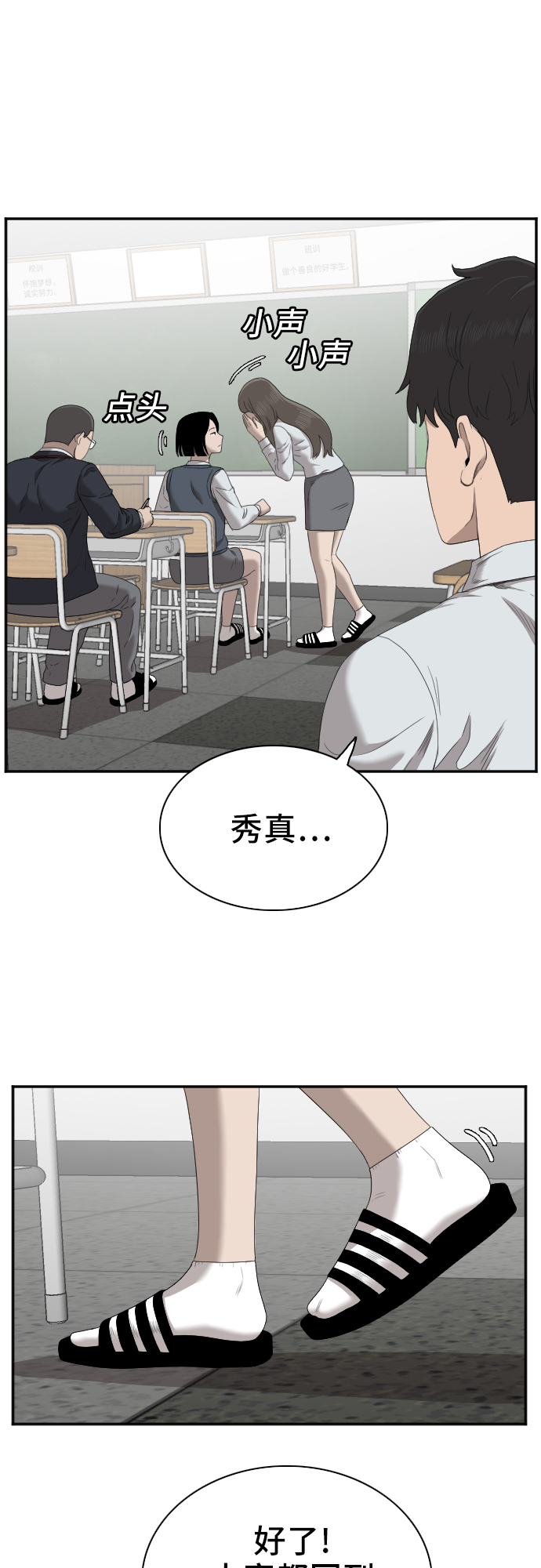 第46话24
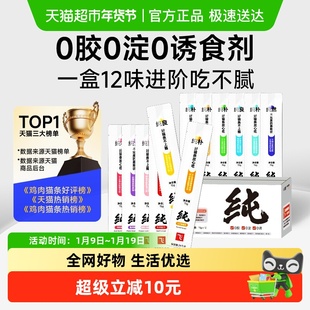 阿飞和巴弟纯条猫条猫咪零食成猫幼猫通用混合口味15g*12支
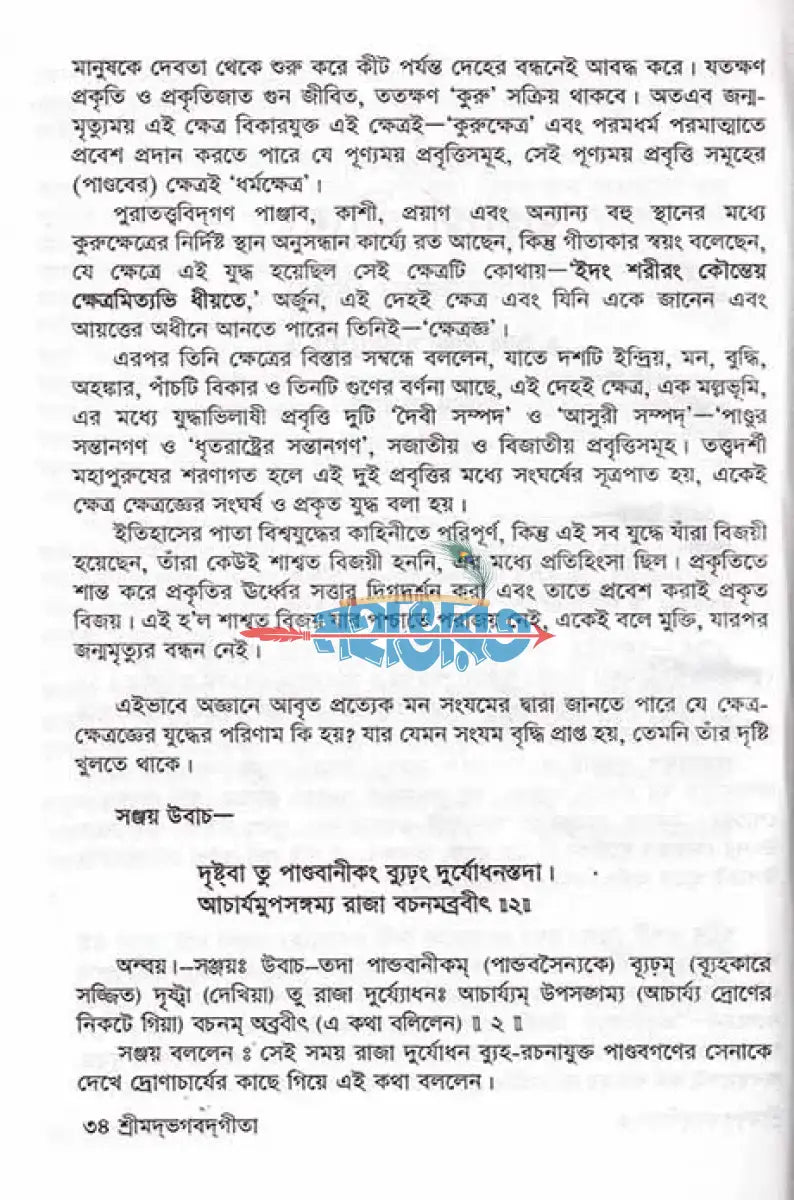 শ্রীমদ্ভগবদ্গীতা যথার্থ গীতা Hindu Religious Books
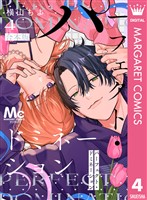 パーフェクト・ドミネーション 4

|---|

**Task brief**
Reproduce, with the pictures omitted, exactly those lines that run from the line with "阿飞和巴弟纯条猫条猫咪零食成猫幼猫通用混合口味15g*12支" to the last line of the material, both ends included.

**Solution**
 阿飞和巴弟纯条猫条猫咪零食成猫幼猫通用混合口味15g*12支
 শ্রীমদ্ভগবদ্গীতা যথার্থ গীতা Hindu Religious Books
 パーフェクト・ドミネーション 4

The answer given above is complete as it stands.